Angzal had been posted here for a month, and for a month this appointment crept forward in her calendar, usually postponed two or three days at a time on the eve of the scheduled meeting. When Angzal asked her predecessor, who had stayed on for a brief transition period, about the appointment with Congressmember Reyes, she laughed and then took off for a much cushier position on Kai Thori, leaving the meeting solely Angzal’s responsibility. Rzena, who had worked at the embassy for over fifteen years, was equally unhelpful.

“I’ve got ten minutes left. You sure you can’t give me a little heads-up as to what I’m in for?” Angzal asked.

“Hmm, yes, but she might be early, so it’s ten minutes I’d sooner not waste. And besides, why would I want to ruin the surprise when you’ve waited this long?” Rzena scrunched his nose at her and headed for the door of their cramped office, flicking a tail that had begun to lose some its colour and sheen in his age.

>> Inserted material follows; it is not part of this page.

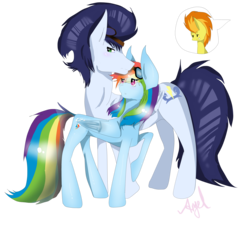 Size: 3444x3169 | Tagged: dead source, safe, artist:angel-sweetiepie, rainbow dash, soarin', spitfire, g4, female, high res, male, ship:soarindash, shipping, simple background, straight, transparent background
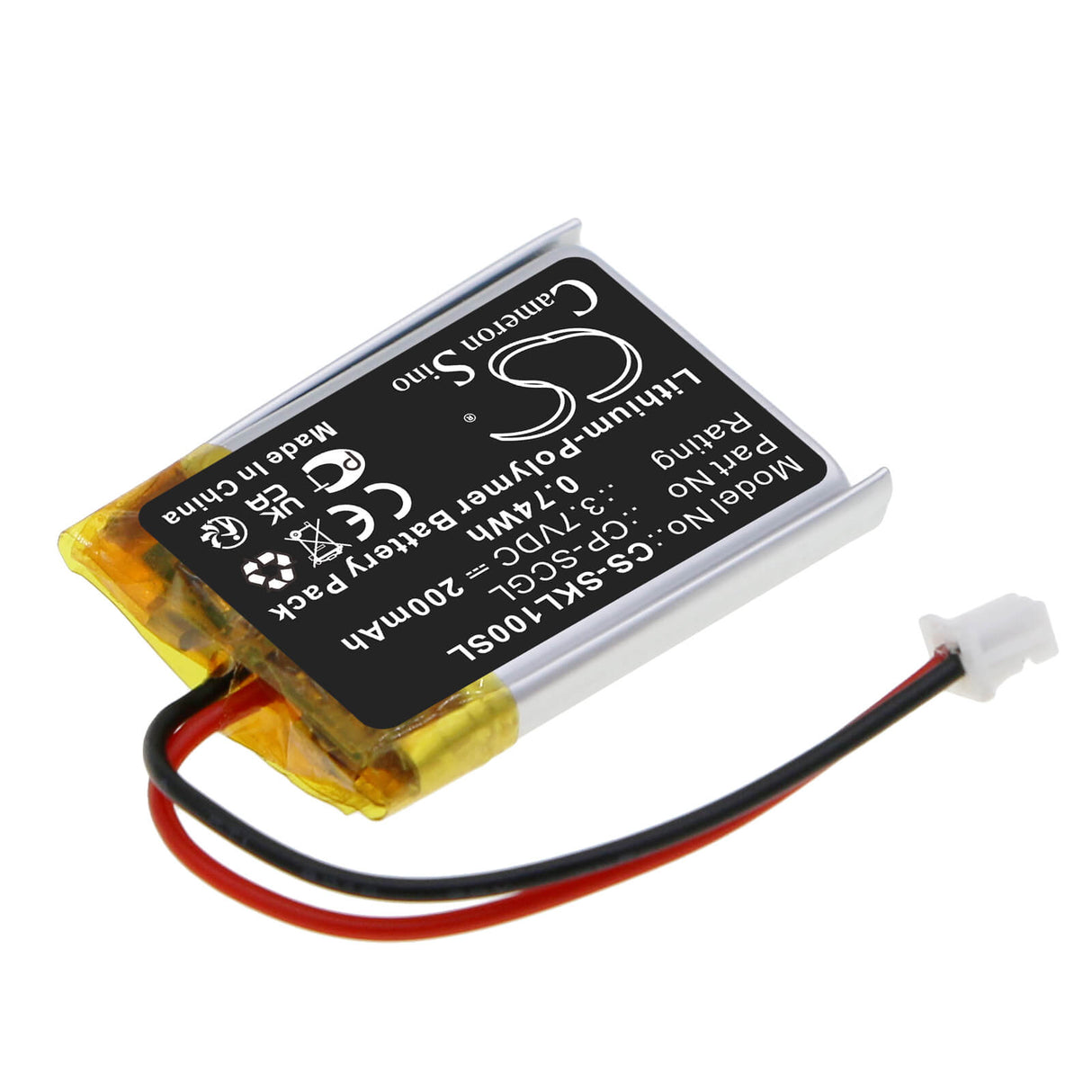 3.7V, Li-Polymer, 200mAh, Smartwatch battery fits Skycaddie, Cp-scgl, Golf Linx, 0.74Wh Smartwatch Cameron Sino Technology Limited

“Rzena, so help me if you go through that door I will hunt you down and eat your heart,” Angzal snarled at his retreating back.

“I’ll take that chance.” And with a parting swipe of his tail, Rzena shut the door.

Rzena had been in this associate role for so long, and had now witnessed the full terms of several of what were supposed to have been his superiors, that he acted like he was the essential cog at the embassy, while the officials that were periodically sent from the homeworld were serving as mere shiny gloss over the true machinery.

What annoyed Angzal was less the attitude itself, and more that he was probably right. Few Mraboran had the patience to stay on Earth for as long as he did, so the experience he accumulated was possibly worth more than her own title. Though she would have preferred if he didn’t mete out his knowledge in miserly portions and only when Angzal had earned it based on his sole criteria she was yet to decipher.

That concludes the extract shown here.